途中で一緒になった地元の女性が教えてくれたイチジクの原種。以前、アフリカにあるイチジクの原種、というのをテレビで見たことがありますが、かたちはそっくり。

      森の中のガジュマルはさらに幻想的。

      大木が二本、枝をさしかわしています。

      サトイモそっくりの葉の植物はガガイモ。芋がなるそうですが、かなりの毒だそう。


      ガジュマルのある森に行く途中の広い敷地は、何十年か前の台風でひどい痛手を被り、数軒あった家がすべて立ち退いた場所だそう。一見すると、土砂災害にあったというわけでもなさそうですが、立ち退かないといけないほどの理由が一個だけではなかったのではないかな、と思われました。離島にいることの不自由さが極限に達して退去を決意したのではないかと。

     さて、薩川を過ぎ、西端の集落実久に。こちらは諸鈍と反対に、源氏にゆかりのある土地だそう。日本の南の端の小さな島に、源氏と平家の流離譚がそれぞれ残っているとは、おもしろいことです。

     実久の海は、「実久ブルー」と言われるほど特別に美しい青色なのだそうです。島に到着以来ずっと曇り空しか見ていないわたしたち。ここで、ようやくかろうじて、青い色の海をみることができました。

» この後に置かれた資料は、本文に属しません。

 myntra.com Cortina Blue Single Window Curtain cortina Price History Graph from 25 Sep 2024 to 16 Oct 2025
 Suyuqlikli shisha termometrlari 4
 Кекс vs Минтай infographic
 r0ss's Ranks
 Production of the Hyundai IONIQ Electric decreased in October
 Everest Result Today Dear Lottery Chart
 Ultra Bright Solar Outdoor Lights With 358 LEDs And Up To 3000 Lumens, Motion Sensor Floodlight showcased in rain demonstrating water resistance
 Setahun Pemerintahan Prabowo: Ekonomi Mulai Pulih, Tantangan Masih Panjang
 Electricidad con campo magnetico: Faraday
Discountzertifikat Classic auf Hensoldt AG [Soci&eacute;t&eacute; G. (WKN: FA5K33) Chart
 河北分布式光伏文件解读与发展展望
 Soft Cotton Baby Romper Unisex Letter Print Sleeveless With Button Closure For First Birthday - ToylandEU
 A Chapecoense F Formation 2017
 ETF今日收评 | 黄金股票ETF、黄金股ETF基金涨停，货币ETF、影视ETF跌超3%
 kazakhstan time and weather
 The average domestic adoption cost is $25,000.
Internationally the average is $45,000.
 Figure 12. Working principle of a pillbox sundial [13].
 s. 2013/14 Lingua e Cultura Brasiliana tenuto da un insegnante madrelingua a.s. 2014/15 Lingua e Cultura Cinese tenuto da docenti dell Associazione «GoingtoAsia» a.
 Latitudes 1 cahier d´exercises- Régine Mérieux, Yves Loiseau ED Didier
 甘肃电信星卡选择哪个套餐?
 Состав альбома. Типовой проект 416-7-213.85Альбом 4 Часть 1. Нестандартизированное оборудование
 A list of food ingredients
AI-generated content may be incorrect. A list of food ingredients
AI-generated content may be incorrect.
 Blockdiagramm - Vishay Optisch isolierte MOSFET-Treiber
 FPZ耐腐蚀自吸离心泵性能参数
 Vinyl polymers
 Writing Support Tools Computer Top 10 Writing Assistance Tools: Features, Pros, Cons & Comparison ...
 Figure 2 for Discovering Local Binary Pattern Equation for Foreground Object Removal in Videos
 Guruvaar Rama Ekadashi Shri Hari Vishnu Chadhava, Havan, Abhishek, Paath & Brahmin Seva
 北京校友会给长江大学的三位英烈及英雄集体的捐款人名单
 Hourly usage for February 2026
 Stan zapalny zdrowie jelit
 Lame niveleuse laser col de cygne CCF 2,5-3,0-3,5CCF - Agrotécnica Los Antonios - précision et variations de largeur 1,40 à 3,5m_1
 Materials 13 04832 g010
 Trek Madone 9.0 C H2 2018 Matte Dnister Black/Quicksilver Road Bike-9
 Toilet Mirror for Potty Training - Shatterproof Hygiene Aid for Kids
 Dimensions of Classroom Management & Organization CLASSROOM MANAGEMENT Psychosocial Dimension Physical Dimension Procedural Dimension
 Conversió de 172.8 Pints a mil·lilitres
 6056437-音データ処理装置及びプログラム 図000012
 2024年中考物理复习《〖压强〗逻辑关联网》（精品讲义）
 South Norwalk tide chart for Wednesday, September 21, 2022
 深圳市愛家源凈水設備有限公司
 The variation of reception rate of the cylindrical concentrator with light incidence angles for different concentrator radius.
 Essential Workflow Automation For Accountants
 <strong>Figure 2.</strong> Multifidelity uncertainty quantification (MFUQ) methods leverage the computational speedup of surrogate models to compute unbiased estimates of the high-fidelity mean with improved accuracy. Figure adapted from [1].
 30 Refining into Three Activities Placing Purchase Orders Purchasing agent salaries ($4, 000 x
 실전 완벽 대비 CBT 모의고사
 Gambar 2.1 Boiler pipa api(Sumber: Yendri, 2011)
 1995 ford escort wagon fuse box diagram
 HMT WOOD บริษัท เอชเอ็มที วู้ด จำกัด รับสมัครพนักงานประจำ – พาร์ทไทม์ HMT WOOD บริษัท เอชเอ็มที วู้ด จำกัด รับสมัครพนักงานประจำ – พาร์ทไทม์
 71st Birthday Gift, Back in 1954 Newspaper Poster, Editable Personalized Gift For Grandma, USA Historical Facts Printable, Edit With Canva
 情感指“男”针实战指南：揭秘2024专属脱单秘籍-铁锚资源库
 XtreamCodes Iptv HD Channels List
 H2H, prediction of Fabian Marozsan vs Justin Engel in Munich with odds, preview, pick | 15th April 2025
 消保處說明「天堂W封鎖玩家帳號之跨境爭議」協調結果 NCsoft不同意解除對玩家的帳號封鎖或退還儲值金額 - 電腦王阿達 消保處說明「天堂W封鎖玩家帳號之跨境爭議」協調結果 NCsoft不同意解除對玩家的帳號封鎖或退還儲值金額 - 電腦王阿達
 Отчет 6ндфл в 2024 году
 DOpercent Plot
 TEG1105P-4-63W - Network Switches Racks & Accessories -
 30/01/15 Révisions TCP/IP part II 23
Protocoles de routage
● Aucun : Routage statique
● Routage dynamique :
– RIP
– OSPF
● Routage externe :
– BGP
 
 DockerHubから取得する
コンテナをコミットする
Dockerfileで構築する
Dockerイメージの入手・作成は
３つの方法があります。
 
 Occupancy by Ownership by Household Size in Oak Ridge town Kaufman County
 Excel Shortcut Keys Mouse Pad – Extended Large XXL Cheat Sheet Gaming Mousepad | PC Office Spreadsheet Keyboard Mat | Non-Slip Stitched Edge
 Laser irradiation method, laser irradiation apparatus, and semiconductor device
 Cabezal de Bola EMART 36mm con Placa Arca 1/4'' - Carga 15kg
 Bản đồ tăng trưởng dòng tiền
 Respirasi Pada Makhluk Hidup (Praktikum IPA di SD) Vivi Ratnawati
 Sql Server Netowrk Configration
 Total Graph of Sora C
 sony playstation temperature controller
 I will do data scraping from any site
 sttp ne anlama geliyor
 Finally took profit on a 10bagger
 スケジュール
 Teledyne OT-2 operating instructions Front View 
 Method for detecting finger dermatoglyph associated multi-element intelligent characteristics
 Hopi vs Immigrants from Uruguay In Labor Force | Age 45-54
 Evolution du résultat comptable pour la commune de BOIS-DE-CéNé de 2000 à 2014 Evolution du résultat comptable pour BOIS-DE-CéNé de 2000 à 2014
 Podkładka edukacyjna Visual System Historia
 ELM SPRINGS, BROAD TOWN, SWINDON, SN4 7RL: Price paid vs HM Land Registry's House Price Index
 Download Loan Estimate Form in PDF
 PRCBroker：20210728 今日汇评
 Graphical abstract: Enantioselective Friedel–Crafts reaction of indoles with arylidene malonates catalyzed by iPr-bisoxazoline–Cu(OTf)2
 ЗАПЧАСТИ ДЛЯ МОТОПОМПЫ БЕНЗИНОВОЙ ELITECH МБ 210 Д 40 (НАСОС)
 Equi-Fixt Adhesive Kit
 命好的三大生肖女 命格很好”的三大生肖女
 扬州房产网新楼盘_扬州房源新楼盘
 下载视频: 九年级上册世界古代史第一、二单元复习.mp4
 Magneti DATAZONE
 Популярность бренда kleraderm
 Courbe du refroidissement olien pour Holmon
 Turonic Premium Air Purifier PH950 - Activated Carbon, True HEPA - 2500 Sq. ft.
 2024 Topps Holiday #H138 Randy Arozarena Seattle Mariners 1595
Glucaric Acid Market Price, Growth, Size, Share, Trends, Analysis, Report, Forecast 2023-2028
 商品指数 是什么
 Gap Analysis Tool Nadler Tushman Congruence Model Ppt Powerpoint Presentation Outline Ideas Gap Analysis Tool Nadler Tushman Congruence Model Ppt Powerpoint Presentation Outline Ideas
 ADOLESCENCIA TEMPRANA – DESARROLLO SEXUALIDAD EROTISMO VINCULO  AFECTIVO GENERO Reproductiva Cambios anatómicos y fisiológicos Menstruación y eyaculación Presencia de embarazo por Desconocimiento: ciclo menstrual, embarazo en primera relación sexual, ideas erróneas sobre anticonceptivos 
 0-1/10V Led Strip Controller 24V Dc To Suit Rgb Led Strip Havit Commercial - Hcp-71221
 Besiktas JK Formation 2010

     実久の集落には、サンゴの石垣があちことに残っています。


     よくできていて、うつくしい。

     石垣にたてかけてある長い棒は、サンゴの中にひそむハブをよけるためだそう。怖くて石垣のそばには近づけませんでした。

     実久の海を後に、薩川にもどり、この日と翌日の宿になるしびらんかに到着。こちらは、こじんまりした普通の住宅です。家の手前の低い石垣に貝がならべられていました。

     道を隔てたところに船着き場が。

   隣は薩川小学校。次の日は学芸会だと、宿の主人から聞きました。

   なんと校庭には奉安殿が。戦後取り壊さなかったのが不思議。

    小学校の斜め道向かいには中学校があります。

    こちらは閉校しているらしい。

     海から山に向かって流れているように見える川。


     海宿でテーブルに飾ってあった植物です。珍しい。

     この花もよく見かけました。

     宿の料理はもりだくさん。

     新鮮な魚料理を満喫しました。

     島で育ったシイだそうです。香ばしくておいしかった。